In support of this “new urbanist” environment, the Austin Independent School District—which already owns a performing arts center that opened within Mueller in early 2015—last August started construction on a 130,000-sf Middle School on 10 acres along the northeast section of the city and Mueller, that will double as a hub that links the school to this community’s neighborhoods. The middle school, with an 800-student capacity for 6th through 8th graders, is expected to be ready to accept students and teachers in August 2023.
The new middle school “will contribute to the fabric of the community,” predicts Kate Mraw, ALEP, RID, LEED AP BD+C, principal and design director for LPA, the architect on this project. The school will connect to Mueller’s bike and hiking trails, and offer a park and other public spaces on its premises. And because it will draw students from beyond the immediate neighborhood, it will bring greater diversity into the community.
A QUICKER WAY TO BUILD SCHOOLS
LPA and Coleman Landscape Architects are working with Joeris General Contractors, which the Austin ISD hired to spearhead this design-build project.
Burton Hackney, Vice President of Central Texas for Joeris General Contractors, tells BD+C that while the design-build delivery method is still the exception for building schools in the Lone Star State, “after the bond passed, [the district] needed a way to get some schools up quickly.” The Mueller project is one of 19 new constructions and modernizations that the Austin ISD is engaged in, funded by a $1 billion bond that voters passed in late 2017.

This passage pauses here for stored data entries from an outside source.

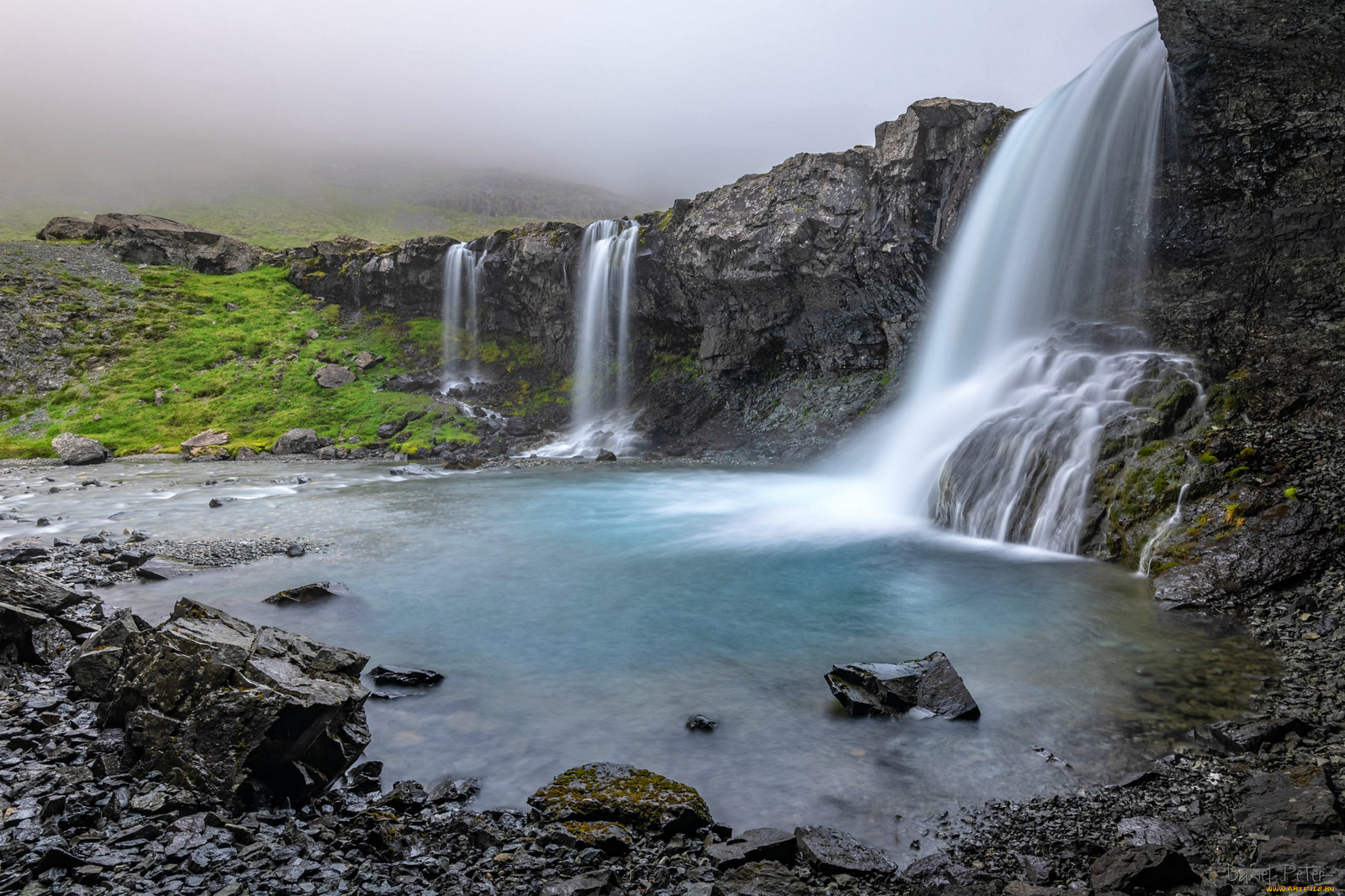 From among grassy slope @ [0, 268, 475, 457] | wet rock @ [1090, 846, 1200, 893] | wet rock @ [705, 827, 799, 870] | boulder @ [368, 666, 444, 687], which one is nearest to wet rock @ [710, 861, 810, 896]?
wet rock @ [705, 827, 799, 870]

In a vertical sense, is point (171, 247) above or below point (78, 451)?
above

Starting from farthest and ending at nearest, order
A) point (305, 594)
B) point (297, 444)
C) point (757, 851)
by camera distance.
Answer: point (297, 444) < point (305, 594) < point (757, 851)

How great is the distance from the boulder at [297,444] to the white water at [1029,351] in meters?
23.5

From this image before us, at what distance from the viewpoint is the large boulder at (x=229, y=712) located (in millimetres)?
4438

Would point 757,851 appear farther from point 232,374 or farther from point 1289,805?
point 232,374

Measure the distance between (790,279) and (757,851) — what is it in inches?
1136

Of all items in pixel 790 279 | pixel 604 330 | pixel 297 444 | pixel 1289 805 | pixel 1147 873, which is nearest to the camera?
pixel 1147 873

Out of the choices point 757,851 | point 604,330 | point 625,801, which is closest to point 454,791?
point 625,801

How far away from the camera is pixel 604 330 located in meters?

Hackney, an Austin native, says the airport redevelopment has long been thought of locally as “sacred space.” At one time, a new elementary school was on the table. But, he recalls, the district’s circumstances changed: at the time the bond was floated, more than 1,000 middle school students had been leaving the region from nearby charter schools, according to the ISD’s Facility Master Plan.
This is Joeris’ second design-build project for the district. Hackney says his firm’s culture “aligns” with that delivery method because it emphasizes lean principles. “We didn’t have to go through the value-engineering process because the GC was involved in all the meetings right from the start,” confirms Mraw.
DEMOCRATIC DESIGN
The Building Team is pretty much working from the ISD’s design documents. But the design process also included “a diverse stakeholder group that was heard from,” says Hackney. Catellus had a representative on the architecture team. And Mueller “was very specific about what it wanted,” he states.

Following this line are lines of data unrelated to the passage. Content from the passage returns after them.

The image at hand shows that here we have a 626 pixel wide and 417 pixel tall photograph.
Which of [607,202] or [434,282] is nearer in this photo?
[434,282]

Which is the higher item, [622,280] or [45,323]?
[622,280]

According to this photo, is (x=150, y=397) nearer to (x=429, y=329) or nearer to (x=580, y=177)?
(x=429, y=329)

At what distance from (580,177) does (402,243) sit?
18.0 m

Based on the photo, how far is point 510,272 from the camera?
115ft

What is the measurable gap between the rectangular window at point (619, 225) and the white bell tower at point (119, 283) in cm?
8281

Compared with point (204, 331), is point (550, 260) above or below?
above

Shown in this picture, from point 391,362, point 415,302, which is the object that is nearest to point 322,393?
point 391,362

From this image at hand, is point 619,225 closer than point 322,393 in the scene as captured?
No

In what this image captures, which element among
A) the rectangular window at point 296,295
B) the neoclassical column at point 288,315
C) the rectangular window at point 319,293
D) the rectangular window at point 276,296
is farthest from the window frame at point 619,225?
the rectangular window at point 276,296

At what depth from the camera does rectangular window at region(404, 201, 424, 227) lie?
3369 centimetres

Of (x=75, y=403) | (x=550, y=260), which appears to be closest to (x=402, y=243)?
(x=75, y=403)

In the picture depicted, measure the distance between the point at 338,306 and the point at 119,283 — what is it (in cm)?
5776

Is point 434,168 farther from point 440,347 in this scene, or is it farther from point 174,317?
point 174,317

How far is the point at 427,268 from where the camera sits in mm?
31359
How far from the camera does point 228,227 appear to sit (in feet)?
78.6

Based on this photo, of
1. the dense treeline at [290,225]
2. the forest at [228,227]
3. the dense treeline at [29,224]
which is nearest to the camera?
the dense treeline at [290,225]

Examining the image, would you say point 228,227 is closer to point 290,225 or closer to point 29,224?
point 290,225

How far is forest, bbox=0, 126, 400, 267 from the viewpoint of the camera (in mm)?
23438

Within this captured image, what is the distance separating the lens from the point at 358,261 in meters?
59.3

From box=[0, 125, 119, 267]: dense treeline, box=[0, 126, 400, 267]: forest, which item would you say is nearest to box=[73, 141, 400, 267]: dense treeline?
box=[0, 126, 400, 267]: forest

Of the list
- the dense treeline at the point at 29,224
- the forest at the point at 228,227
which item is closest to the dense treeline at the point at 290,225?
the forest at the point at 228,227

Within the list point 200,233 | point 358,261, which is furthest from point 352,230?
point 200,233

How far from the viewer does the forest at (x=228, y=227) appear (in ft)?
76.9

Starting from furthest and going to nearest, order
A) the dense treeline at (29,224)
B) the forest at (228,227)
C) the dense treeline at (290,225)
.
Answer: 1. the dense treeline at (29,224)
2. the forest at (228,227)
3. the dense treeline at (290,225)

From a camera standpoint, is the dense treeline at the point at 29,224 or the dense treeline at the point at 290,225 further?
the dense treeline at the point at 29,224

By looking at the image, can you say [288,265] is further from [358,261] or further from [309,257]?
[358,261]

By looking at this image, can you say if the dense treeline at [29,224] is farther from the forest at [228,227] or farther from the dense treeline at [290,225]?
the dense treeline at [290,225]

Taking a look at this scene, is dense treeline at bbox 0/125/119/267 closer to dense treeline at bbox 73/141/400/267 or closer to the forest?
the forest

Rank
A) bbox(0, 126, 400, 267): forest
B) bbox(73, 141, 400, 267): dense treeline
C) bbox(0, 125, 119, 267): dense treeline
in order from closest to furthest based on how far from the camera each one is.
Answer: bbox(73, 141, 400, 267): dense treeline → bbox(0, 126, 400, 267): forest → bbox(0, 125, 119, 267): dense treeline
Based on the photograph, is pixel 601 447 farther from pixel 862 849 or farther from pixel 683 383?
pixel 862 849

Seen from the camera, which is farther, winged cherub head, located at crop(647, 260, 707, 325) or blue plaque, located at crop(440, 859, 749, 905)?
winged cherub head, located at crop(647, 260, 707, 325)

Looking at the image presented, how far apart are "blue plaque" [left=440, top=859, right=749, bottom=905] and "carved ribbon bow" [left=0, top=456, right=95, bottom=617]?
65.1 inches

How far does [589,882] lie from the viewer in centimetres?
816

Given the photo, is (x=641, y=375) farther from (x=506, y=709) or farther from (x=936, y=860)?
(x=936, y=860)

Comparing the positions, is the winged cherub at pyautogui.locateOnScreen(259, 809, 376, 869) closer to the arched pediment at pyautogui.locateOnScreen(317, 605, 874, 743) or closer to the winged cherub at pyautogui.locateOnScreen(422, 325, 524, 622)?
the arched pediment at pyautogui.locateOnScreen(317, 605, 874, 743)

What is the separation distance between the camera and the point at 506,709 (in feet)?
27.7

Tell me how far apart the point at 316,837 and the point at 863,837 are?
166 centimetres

During the design phase for the middle school, there were 16 architectural team meetings, four community meetings, and seven neighborhood meetings. The Austin ISD initiated those early talks, which Mraw says focused on “hopes, goals, and dreams,” as well as the importance of sustainability.
Mueller was the first neighborhood in Texas to earn LEED for Neighborhood Development Stage 3 Gold Certification. All the roofs of the Austin ISD Middle School will be solar ready. Durable and environmentally friendly materials are being used throughout, and 100 percent recycled water will irrigate the site’s vegetation. The school’s design—which takes into account its orientation to the sun—is expected to reduce energy use by 32 percent from a baseline standard.

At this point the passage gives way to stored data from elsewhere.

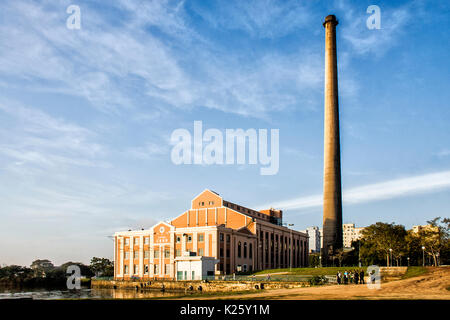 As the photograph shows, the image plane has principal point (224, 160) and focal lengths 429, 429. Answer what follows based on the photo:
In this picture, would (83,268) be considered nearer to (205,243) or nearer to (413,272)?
(205,243)

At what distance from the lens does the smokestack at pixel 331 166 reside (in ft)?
299

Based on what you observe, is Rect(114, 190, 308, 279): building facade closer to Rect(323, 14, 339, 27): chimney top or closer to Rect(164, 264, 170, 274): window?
Rect(164, 264, 170, 274): window

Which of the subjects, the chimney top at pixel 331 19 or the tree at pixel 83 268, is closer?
the chimney top at pixel 331 19

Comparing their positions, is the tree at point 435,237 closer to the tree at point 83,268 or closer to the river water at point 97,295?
the river water at point 97,295

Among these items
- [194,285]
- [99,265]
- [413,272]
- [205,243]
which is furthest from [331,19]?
[99,265]

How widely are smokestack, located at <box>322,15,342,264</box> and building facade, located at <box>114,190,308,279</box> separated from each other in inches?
683

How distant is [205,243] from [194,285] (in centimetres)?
1659

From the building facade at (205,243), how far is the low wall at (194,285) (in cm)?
419

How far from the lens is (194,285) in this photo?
7256cm

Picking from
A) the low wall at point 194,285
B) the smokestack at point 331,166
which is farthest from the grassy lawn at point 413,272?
the smokestack at point 331,166

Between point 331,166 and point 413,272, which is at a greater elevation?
point 331,166

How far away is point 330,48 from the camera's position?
9675 cm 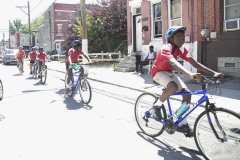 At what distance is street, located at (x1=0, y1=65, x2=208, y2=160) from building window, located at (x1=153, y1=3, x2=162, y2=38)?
28.4 feet

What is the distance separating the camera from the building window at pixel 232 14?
1315cm

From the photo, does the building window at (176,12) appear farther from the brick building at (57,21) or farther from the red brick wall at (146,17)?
the brick building at (57,21)

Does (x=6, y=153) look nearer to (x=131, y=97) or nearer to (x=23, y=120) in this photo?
(x=23, y=120)

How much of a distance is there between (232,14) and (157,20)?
15.8 feet

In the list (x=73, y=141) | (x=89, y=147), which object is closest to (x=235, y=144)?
(x=89, y=147)

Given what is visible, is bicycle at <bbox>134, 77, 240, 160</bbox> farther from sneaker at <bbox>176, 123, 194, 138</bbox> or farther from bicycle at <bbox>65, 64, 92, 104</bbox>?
bicycle at <bbox>65, 64, 92, 104</bbox>

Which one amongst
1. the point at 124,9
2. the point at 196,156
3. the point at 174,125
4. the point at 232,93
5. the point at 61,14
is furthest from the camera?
the point at 61,14

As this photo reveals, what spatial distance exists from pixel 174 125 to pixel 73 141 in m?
1.76

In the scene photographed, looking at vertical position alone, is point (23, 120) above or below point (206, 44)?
below

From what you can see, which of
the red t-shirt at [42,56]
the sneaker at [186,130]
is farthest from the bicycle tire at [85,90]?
the red t-shirt at [42,56]

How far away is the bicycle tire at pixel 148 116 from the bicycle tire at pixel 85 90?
305 cm

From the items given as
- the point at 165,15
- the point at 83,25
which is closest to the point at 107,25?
the point at 83,25

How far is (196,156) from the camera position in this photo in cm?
474

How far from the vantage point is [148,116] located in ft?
19.0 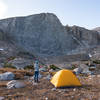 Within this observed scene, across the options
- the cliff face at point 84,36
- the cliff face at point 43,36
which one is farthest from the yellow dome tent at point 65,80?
the cliff face at point 84,36

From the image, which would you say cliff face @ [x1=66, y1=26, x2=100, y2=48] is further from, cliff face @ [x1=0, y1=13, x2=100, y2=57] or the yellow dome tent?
the yellow dome tent

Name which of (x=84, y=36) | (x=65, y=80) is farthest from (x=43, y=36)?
(x=65, y=80)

The school design also pays homage to the original Mueller airport with a large, wing-shaped roof, a gymnasium that resembles an aircraft hangar, and runway-inspired wayfinding graphics throughout the campus.
A NOD TO THE PAST
Hackney says there was budgetary discussion, during the design phase, about what kinds of materials to use for the school’s exterior skin to resemble the Art Deco-like pattern of the eight-story airport tower, which is still standing. (The tower’s dark and light blue panels were restored several years ago.) The agreed-upon material is an integral-colored fiber cement panel made by the manufacturer TAKTL.
According to LPA, other exterior building materials are being used, too, including brick masonry veneer, a perforated and corrugated white metal screen, and anodized aluminum for the metal soffit and roof fascia panels.
The school’s roof and stacking also went through some changes to address budgetary concerns. The project’s total cost is $53.2 million, of which $45.5 million is for construction.